The problem and my work is shown in the image below. However, I feel like I did something horrible wrong but I'm not sure where!

I'm sorry if my handwriting is illegible. If you're having difficulties please leave a comment and I will not hesitate to type it out as a response. Any guidance is greatly appreciated.

Thank you for taking the time to review my question.

 

[Stimpon]

You've got $\theta$ ranging from $0$ to $cos(\theta)$, that doesn't make any sense. I'm fairly sure you should have $\theta$ going from $0$ to $\frac{\pi}{4}$. Which you'll be able to see if you draw a picture of $R$.

 

[DavidAp]

You've got $\theta$ ranging from $0$ to $cos(\theta)$, that doesn't make any sense. I'm fairly sure you should have $\theta$ going from $0$ to $\frac{\pi}{4}$. Which you'll be able to see if you draw a picture of $R$.

I don't know how to draw 0 <= y <= x. I think that might be part of my problem...

I did something wrong though when using pi/2! The answer is 3/64 pi^2 but I keep getting 3/16 pi^2! Why is my denominator 4x less than the answer?
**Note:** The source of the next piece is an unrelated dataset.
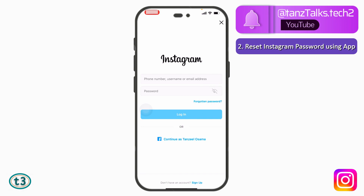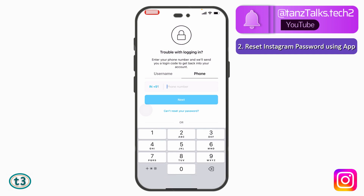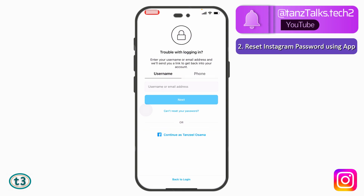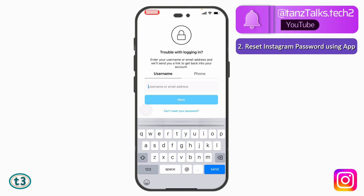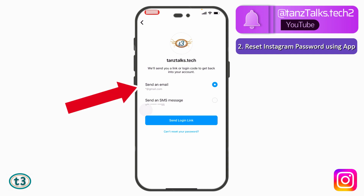Tap on 'Forgotten password.' Now you can either use your email address or your mobile phone to get access back to your account. However, if you use your phone, you will get an OTP, and entering it will restore access but you won't be able to change the password. If you want to both regain access and change the password, you need to use your email address. If you don't remember your email, you can just enter your username and tap Next.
Here's my work.

∫(1 -> 2) ∫(0 -> pi/2) θr drdθ
1/2 ∫(1 -> 2) θ(r^2)(0 -> pi/2) dθ
1/2 ∫(1 -> 2) θ(pi^2)/4 dθ
(pi^2)/8 ∫(1 -> 2) θ dθ
(pi^2)/16 (θ^2)(1 -> 2)
(pi^2)/16 (2^2 - 1^1)
(pi^2)/16 (4 - 1)
(pi^2)/16 (3)
3/16 pi^2

Any insight on what I did wrong?

 

[Stimpon]

Ah I think I didn't edit my post in time then, the upper limit should have been $\frac{\pi}{4}$, sorry. Your method is fine.

And just draw the lines $y=0$ and $y=x$ and you should be able to see where $y$ satisfies $0{\leq}y{\leq}x$. Or think about it this way, where does $(x,y)$ satisfy $0{\leq}y$ and where does it satisfy $y{\leq}x$. Then you just find the intersection of those two areas.

 

[DavidAp]

Ah I think I didn't edit my post in time then, the upper limit should have been $\frac{\pi}{4}$, sorry. Your method is fine.

And just draw the lines $y=0$ and $y=x$ and you should be able to see where $y$ satisfies $0{\leq}y{\leq}x$. Or think about it this way, where does $(x,y)$ satisfy $0{\leq}y$ and where does it satisfy $y{\leq}x$. Then you just find the intersection of those two areas.

Thank you so much, not just on this problem but on future problem to come! I never thought of visualizing it that way!